Your task: Pictures in the data must not be copied, but everything else should be output exactly.

########

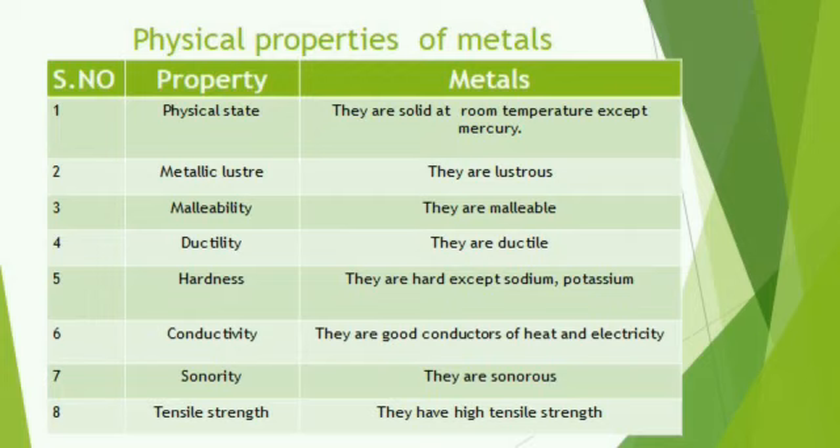The last property is sonority — metals are sonorous in nature, meaning they are able to produce sounds. Then tensile strength — they have high tensile strength. Almost all metals have high melting point and boiling point, except sodium and potassium. Tungsten, which is the filament present inside the bulb, is an example of a metal with a very high melting point — even if you apply high temperature it will not melt, but when electricity is applied it will glow. These are some physical properties.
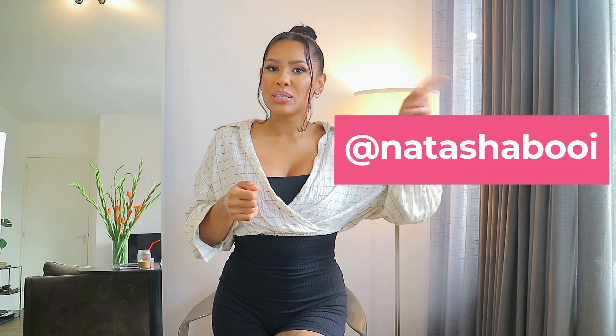Hi guys, welcome back to my channel. My name is Natasha — if you're new, welcome! If you're already subscribed, thank you for clicking on my video. Don't forget to hit the subscribe button and press the notification bell. I post regular videos about fashion, lifestyle, and vlogs. If you like my style, follow me on Instagram — I'll pop it right here.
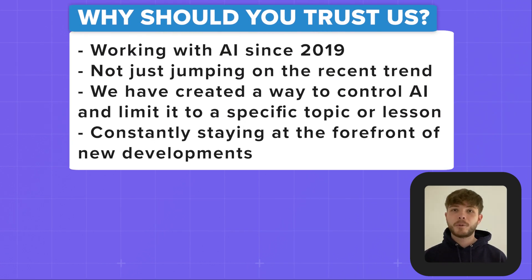And why should you trust us? Well, we've been working with AI for years, not just since the recent AI explosion. We're not just jumping on the bandwagon — we always have and always will be keeping up to date with the latest developments in AI technology. We take pride in staying ahead of the curve and we want to meet passionate educators who feel the same.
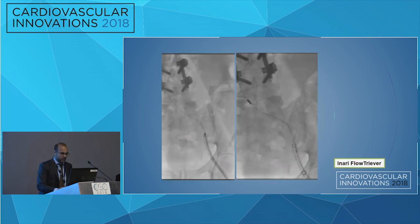In our case, we went with the Inari FlowTriever system, which is the 22 French system. You can see it being advanced. The coil is still being compressed as it moves through, likely due to the soft tissue mass. The question was: is this presentation due to straight compression, or was there also some thrombosis in play?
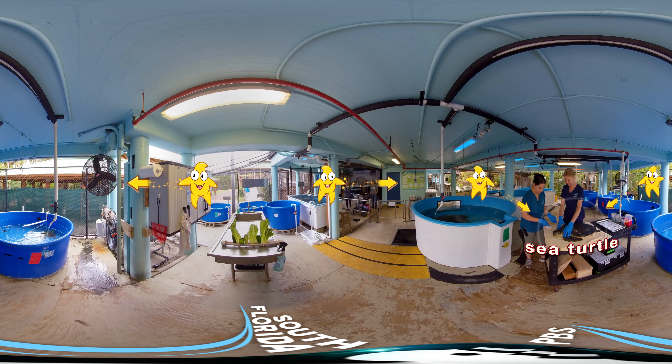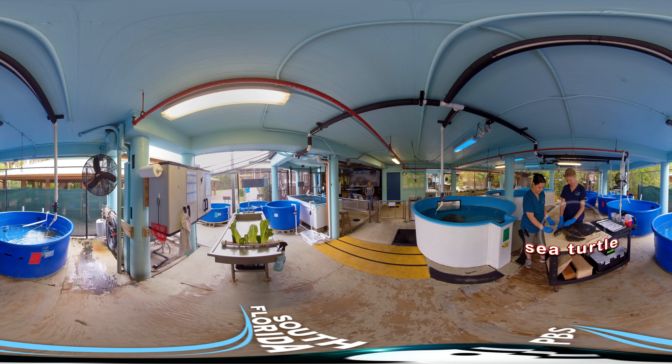Let the star light your way. Good job, I spy seekers. See you soon for our next exciting 360 adventure.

########

Written response:
The last property is sonority — metals are sonorous in nature, meaning they are able to produce sounds. Then tensile strength — they have high tensile strength. Almost all metals have high melting point and boiling point, except sodium and potassium. Tungsten, which is the filament present inside the bulb, is an example of a metal with a very high melting point — even if you apply high temperature it will not melt, but when electricity is applied it will glow. These are some physical properties.
Hi guys, welcome back to my channel. My name is Natasha — if you're new, welcome! If you're already subscribed, thank you for clicking on my video. Don't forget to hit the subscribe button and press the notification bell. I post regular videos about fashion, lifestyle, and vlogs. If you like my style, follow me on Instagram — I'll pop it right here.
And why should you trust us? Well, we've been working with AI for years, not just since the recent AI explosion. We're not just jumping on the bandwagon — we always have and always will be keeping up to date with the latest developments in AI technology. We take pride in staying ahead of the curve and we want to meet passionate educators who feel the same.
In our case, we went with the Inari FlowTriever system, which is the 22 French system. You can see it being advanced. The coil is still being compressed as it moves through, likely due to the soft tissue mass. The question was: is this presentation due to straight compression, or was there also some thrombosis in play?
Let the star light your way. Good job, I spy seekers. See you soon for our next exciting 360 adventure.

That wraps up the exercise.